Any free society, as part of its basic philosophy, permits citizens to better themselves, legally, and to withhold their labour. At the same time, no society can permit those rights to endanger society as a whole. Moreover, it can hardly be permitted because society hasn’t been able to control some of its segments, like the bastards exposed by the Panama Scandal. That behaviour exposes the weakness of people, not of the philosophy.
Horgan’s about-face shows humiliating weakness
Having once been a cabinet minister in a Socred government, I risk being called anti-union if I offer any criticism of a union. There’s a distinct odour of Senator Joseph McCarthy in an allegation that because one belonged to a certain group, they therefore can be assumed to have certain beliefs. I support unions, have been a member of three, had formal election endorsements from two, and I couldn’t have been elected, twice, in Kamloops, a union town, if I was anti-union.
What I’m on about is the humble, indeed humiliating volte face when John Horgan met with the union, and its powerful leader whose support, more than any other, made Horgan the NDP leader.
This from the April 14 edition of the Toronto Globe and Mail:
B.C. NDP Leader John Horgan met with his toughest critics on the party’s liquefied natural gas policies, and said his party’s official rejection of the Pacific Northwest LNG proposal could yet turn to Yes.

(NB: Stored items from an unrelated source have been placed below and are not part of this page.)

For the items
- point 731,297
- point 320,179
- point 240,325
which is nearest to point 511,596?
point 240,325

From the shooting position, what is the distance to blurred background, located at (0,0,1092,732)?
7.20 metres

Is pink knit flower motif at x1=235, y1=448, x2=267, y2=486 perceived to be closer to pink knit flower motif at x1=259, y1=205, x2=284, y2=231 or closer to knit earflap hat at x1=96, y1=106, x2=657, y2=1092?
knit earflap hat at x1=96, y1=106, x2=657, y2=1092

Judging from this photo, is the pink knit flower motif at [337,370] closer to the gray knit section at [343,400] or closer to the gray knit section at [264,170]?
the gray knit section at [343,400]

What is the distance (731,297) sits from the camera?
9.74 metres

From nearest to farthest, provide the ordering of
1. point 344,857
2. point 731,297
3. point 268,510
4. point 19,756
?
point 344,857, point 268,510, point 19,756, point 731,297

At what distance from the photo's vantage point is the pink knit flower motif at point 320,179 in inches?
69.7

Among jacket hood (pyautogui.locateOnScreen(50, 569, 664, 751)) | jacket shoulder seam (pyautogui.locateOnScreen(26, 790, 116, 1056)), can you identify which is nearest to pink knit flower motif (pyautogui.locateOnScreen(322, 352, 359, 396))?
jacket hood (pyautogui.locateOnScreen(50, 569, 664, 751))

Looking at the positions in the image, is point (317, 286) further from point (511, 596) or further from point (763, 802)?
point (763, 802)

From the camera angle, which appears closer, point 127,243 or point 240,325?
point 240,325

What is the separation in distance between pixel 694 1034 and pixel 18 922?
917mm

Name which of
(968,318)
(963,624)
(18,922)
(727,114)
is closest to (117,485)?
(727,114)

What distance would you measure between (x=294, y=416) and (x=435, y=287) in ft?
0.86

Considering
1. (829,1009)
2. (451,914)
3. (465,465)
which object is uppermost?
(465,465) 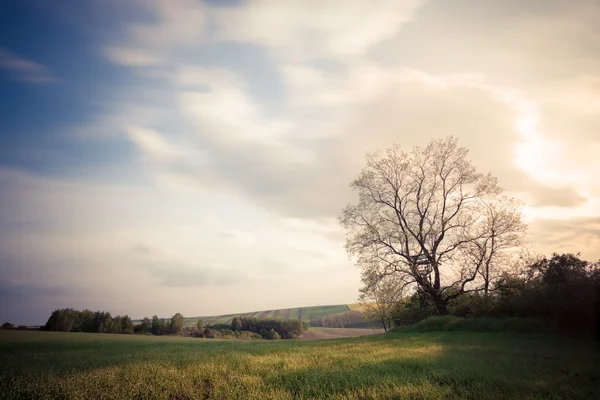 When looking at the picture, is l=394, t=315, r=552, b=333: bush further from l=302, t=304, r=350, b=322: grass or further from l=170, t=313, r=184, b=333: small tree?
l=302, t=304, r=350, b=322: grass

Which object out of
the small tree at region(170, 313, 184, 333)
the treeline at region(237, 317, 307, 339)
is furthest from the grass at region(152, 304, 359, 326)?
the small tree at region(170, 313, 184, 333)

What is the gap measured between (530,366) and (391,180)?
22.0 metres

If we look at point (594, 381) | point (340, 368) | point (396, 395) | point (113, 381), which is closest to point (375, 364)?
point (340, 368)

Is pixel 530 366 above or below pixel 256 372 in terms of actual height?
below

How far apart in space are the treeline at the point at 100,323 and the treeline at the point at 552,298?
64677 millimetres

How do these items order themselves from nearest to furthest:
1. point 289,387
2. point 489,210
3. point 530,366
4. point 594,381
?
point 289,387
point 594,381
point 530,366
point 489,210

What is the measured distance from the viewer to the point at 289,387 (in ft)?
16.7

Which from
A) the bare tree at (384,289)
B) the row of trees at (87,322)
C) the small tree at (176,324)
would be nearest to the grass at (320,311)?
the small tree at (176,324)

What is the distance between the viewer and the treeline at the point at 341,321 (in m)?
103

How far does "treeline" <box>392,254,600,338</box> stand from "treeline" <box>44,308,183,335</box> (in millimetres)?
64677

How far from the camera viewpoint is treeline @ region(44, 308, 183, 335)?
178ft

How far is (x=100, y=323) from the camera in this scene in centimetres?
6378

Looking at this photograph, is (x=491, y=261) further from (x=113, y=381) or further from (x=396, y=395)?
(x=113, y=381)

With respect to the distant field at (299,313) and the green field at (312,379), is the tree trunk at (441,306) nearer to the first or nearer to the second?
the green field at (312,379) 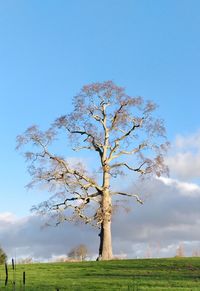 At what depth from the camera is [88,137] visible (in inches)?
1619

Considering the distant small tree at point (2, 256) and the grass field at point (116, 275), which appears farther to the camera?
the distant small tree at point (2, 256)

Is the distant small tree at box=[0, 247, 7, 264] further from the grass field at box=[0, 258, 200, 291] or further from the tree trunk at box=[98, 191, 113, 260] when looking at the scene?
the grass field at box=[0, 258, 200, 291]

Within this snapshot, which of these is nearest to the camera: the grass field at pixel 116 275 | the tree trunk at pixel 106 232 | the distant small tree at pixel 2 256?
the grass field at pixel 116 275

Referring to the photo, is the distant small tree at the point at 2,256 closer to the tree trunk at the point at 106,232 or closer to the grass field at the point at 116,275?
the tree trunk at the point at 106,232

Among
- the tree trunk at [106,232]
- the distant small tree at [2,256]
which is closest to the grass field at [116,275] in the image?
the tree trunk at [106,232]

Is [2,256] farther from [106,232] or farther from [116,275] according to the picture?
[116,275]

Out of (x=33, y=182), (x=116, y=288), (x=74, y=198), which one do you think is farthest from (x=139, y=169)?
(x=116, y=288)

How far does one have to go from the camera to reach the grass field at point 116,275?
786 inches

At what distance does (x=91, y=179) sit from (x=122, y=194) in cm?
262

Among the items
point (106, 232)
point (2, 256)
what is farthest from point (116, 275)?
point (2, 256)

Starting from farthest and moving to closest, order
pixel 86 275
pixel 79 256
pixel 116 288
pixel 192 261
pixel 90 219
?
pixel 79 256 → pixel 90 219 → pixel 192 261 → pixel 86 275 → pixel 116 288

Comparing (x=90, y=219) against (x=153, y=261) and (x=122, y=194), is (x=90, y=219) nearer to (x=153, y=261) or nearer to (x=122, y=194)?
(x=122, y=194)

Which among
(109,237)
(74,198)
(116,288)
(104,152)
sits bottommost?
(116,288)

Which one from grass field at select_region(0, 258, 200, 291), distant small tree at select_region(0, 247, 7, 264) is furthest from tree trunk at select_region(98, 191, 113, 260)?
distant small tree at select_region(0, 247, 7, 264) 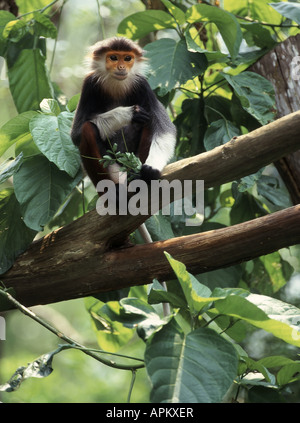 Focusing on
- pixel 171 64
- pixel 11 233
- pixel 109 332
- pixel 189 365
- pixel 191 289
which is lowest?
pixel 189 365

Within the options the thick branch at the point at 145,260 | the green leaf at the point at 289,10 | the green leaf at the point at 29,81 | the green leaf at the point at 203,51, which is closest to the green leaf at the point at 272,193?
the green leaf at the point at 203,51

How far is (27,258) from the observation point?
3.70 m

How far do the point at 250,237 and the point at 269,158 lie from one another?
0.46 m

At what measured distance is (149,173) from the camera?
10.9 feet

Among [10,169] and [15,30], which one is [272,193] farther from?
[15,30]

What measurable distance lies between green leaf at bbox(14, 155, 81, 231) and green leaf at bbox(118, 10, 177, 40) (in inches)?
65.7

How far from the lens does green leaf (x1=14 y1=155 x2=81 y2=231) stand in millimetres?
3547

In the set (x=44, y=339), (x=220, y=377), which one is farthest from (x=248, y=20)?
(x=44, y=339)

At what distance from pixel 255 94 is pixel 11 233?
211cm

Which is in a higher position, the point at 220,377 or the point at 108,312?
the point at 108,312

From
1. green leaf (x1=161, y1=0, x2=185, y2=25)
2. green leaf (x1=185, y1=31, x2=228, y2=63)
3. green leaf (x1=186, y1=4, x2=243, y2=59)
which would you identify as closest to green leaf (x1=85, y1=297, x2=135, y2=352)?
green leaf (x1=185, y1=31, x2=228, y2=63)

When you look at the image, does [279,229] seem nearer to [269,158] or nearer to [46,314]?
[269,158]

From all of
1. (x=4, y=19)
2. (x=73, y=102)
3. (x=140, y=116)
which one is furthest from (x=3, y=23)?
(x=140, y=116)

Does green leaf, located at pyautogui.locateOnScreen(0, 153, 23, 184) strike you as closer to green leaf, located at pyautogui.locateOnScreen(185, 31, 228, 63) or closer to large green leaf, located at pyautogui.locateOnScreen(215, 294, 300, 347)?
green leaf, located at pyautogui.locateOnScreen(185, 31, 228, 63) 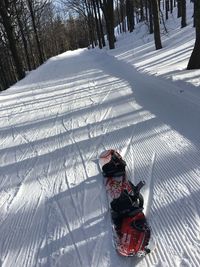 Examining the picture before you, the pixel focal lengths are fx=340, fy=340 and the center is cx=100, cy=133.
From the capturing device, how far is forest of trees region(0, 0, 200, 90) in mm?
19725

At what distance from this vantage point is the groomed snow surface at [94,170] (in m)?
3.29

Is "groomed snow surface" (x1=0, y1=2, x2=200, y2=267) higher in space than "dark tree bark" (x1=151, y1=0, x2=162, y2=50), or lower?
lower

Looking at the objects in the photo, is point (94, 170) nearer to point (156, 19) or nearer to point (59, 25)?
point (156, 19)

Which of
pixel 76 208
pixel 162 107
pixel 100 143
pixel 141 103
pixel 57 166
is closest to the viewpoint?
pixel 76 208

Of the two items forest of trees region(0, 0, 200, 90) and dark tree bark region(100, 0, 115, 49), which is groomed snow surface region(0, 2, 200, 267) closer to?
forest of trees region(0, 0, 200, 90)

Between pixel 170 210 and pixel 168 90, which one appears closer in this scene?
pixel 170 210

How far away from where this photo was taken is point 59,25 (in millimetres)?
66688

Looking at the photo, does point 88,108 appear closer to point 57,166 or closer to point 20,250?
point 57,166

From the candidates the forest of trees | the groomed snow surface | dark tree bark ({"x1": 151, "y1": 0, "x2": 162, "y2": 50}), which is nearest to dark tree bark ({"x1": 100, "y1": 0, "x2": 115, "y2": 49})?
the forest of trees

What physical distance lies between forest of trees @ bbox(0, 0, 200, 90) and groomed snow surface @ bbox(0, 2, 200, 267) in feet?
9.83

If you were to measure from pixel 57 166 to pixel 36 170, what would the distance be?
1.11ft

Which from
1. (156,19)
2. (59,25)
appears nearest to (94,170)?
(156,19)

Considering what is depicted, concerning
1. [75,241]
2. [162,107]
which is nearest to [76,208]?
[75,241]

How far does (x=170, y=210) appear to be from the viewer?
3645 millimetres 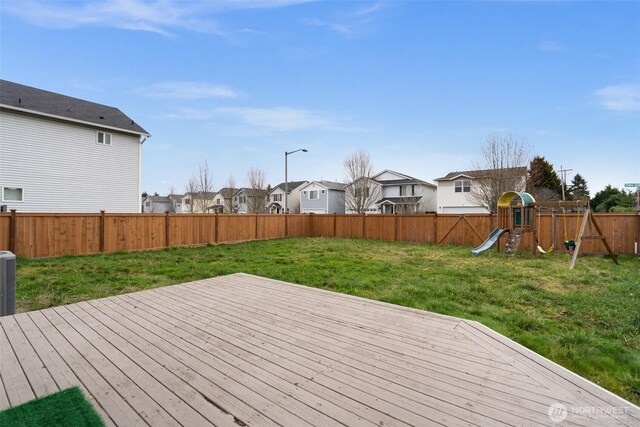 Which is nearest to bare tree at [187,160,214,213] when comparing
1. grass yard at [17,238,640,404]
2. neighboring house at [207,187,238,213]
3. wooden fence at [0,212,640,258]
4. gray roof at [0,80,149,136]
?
neighboring house at [207,187,238,213]

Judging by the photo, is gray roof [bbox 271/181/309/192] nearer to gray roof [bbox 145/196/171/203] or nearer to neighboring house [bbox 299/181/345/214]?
neighboring house [bbox 299/181/345/214]

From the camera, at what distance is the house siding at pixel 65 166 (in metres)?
14.1

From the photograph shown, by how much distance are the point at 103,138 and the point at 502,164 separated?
2476 cm

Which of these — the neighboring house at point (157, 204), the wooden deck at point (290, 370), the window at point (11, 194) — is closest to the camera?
the wooden deck at point (290, 370)

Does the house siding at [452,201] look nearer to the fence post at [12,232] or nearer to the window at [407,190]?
A: the window at [407,190]

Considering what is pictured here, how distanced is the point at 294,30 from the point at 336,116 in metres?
8.93

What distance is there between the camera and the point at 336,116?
67.0 ft

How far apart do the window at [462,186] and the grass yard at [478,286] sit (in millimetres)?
19970

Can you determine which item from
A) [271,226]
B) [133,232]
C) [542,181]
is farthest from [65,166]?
[542,181]

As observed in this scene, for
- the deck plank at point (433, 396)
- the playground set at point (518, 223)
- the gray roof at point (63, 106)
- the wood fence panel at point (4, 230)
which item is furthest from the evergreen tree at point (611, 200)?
the wood fence panel at point (4, 230)

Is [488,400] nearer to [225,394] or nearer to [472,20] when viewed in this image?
[225,394]

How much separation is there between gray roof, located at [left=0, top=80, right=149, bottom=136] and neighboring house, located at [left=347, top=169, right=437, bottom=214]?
2215 cm

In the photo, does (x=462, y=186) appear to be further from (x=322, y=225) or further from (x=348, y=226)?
(x=322, y=225)

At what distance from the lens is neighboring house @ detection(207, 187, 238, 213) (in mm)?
42656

Mr. Horgan was speaking to the annual convention of the BC Building Trade unions in Victoria on Wednesday, where he sought to diffuse anger from his party’s labour allies over his decision to ask the Canadian Environmental Assessment Agency to withhold approval for the proposed Pacific Northwest LNG plant near Prince Rupert.
The NDP Leader apologized to union leader Tom Sigurdson for sending the submission to the regulatory agency without giving him notice that the party had come out against the proposal.
Many, evidently including Mr. Horgan, think there’s an easy, gradual way to deal with the fossil fuel/climate crisis so nobody ever has to make a sacrifice quite yet. Forgive the indiscreet example, but that’s like the young boy, who, being warned he’ll go blind if he keeps playing with himself, promises to quit just as soon as he needs glasses.
One leap forward, two bounds back
I heartily congratulate the NDP in Convention for, barely, passing the Leap Manifesto and ask Notley, Horgan and company, “What’s the equivalent of needing glasses to inform us we must now act?” Doesn’t this, at least in principle, make abundant good sense?
Of course Premier Notley has a problem, but letting it fester, indeed helping it get worse, is scarcely the solution. In spite of 70 years of Alberta arrogance towards less well-off provinces, we all have a societal obligation to help. And we must do that as part of the same Canadian way Albertans were so grumpy about when they were rolling in petrodollars.
What we do not have is an obligation to suffer the fatal consequences of “business as usual”. Someone has to explain that to Ms. Notley and Mr. Horgan, who must then stand up to those who would put themselves first.
A Canadian problem
The solution lies in accepting the fact that this is a national problem affecting every single Canadian and that those who will be most directly affected need the assistance of the rest of us. Just what form that takes must be worked out but we have to make a start, which the Leap Manifesto does.
Beyond a reasonable doubt
What the hell do Mr. Horgan and Mr. Sigurdson need for evidence? Ninety-seven percent of the world’s scientists dealing with this problem confirm that we have a crisis which, unattended, will be fatal.
Of course there are doubting Thomases – articulate ones. If you’re one, here’s my answer.
As a lawyer, I can assure you that there isn’t a proposition ever propounded that I couldn’t make a case against.
Are you a “round earther” – I guarantee I can make a hell of a case for it being flat.
Believe in God? I can rally no end of scientists, including Richard Dawkins, to refute that.
In support of God are many of the world’s greatest thinkers, including Albert Einstein.
Mr. Sigurdson (I take it you have precedence in the NDP), Mr. Horgan, the scientists have done more than meet the civil onus of “on a balance of probabilities” but have satisfied the criminal test of “beyond a reasonable doubt”.
Beyond “a shadow of a doubt”? Perhaps not, but it’s impossible to think of any proposition that meets that test.
But Mr. Sigurdson, Horgan, if you’re wrong, if your “scientists” are wrong, everything is lost. And if the 97% are somehow wrong, we have still made the world a hell of a lot better, safer, cleaner and nicer place to live.
One might reduce the argument, then, to this: “Better safe than sorry”!
Gentlemen, we are all in this together, including you!